Roumanie : pas de prescription pour les crimes des communistes

La Cour constitutionnelle de Roumanie a décidé jeudi que les meurtres étaient imprescriptibles, une décision qui ouvre la voie à la condamnation des tortionnaires du régime communiste 23 ans après sa chute.

Pour les juges, "ni les crimes (des tortionnaires, du régime communiste, ndlr), ni la responsabilité pénale ou l'exécution de la peine ne sont prescriptibles", a déclaré aux journalistes le président de la Cour, Augustin Zegrean.

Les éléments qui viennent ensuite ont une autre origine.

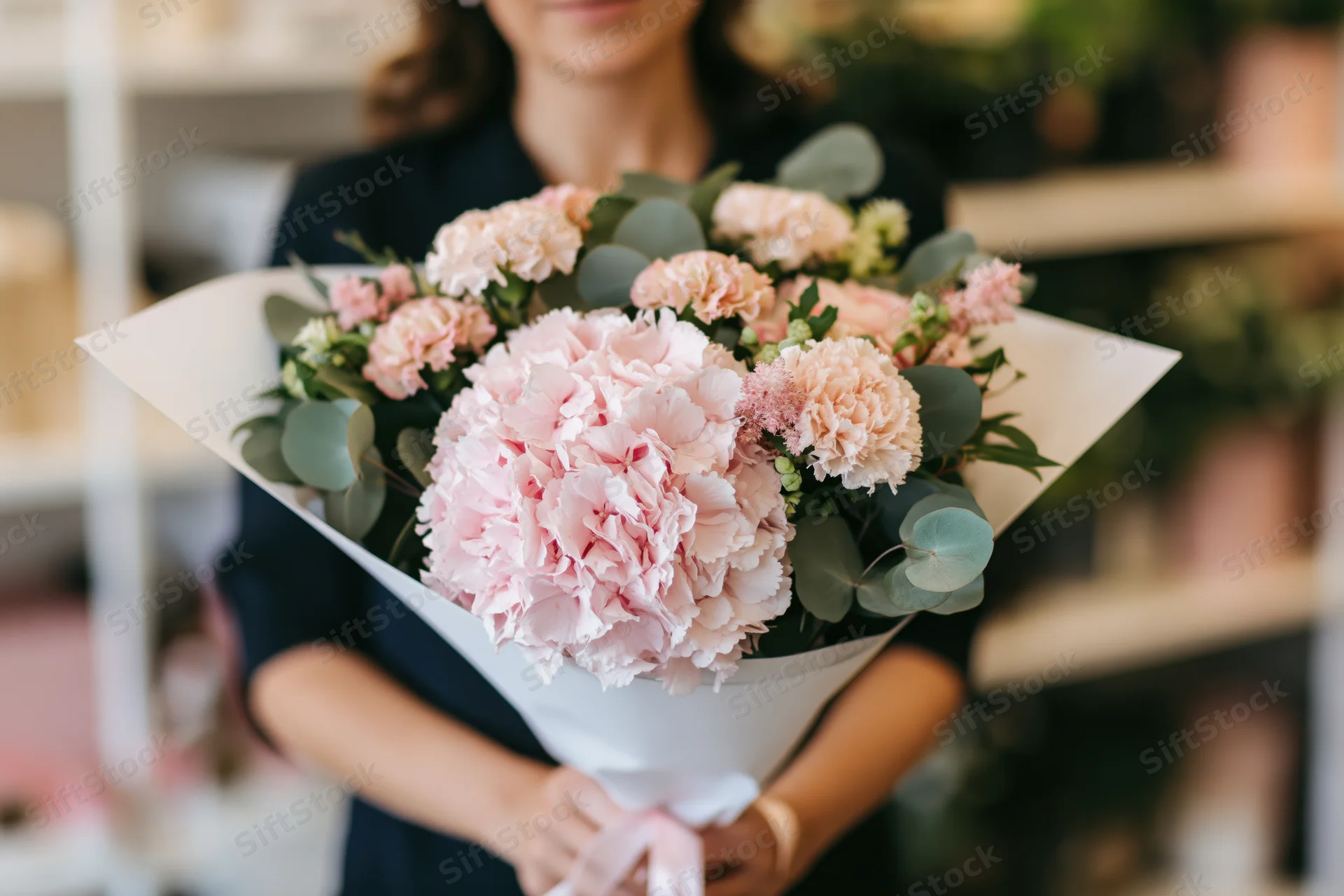 Woman holding a large bouquet of blush pink hyacinths and peonies wrapped in white paper with eucalyptus leaves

La Cour a constaté qu'un article du code pénal, en vertu duquel le génocide, les crimes de guerre et les crimes contre l'humanité sont imprescriptibles "quelle que soit la date où ils ont été commis", était constitutionnel, indique un communiqué.

L'Institut roumain de recherche sur les crimes du communisme (IICCMER) a salué "un grand pas en avant" qui permettra d'"envoyer les tortionnaires communistes devant les juges".

"La décision de la Cour aura un rôle fondamental dans les investigations sur les crimes" commis par le régime communiste, a souligné le président de l'IICCMER, Andrei Muraru.

Le parquet général avait annoncé cet automne avoir entamé des poursuites pour "génocide" contre les anciens commandants d'un camp de travail et d'une prison où une centaine d'opposants politiques au régime communiste trouvèrent la mort il y 50 ans.

Mais des doutes sur les suites de cette démarche subsistaient, certains estimant que ces crimes tombaient sous le coup de la prescription.

Au total, plus de 600.000 Roumains ont été condamnés et emprisonnés pour des mobiles politiques pendant la période communiste, entre 1945 et 1989, selon le musée mémorial des victimes du communisme de Sighet.

Peu de personnes qui occupaient des responsabilités à cette époque ont été poursuivies.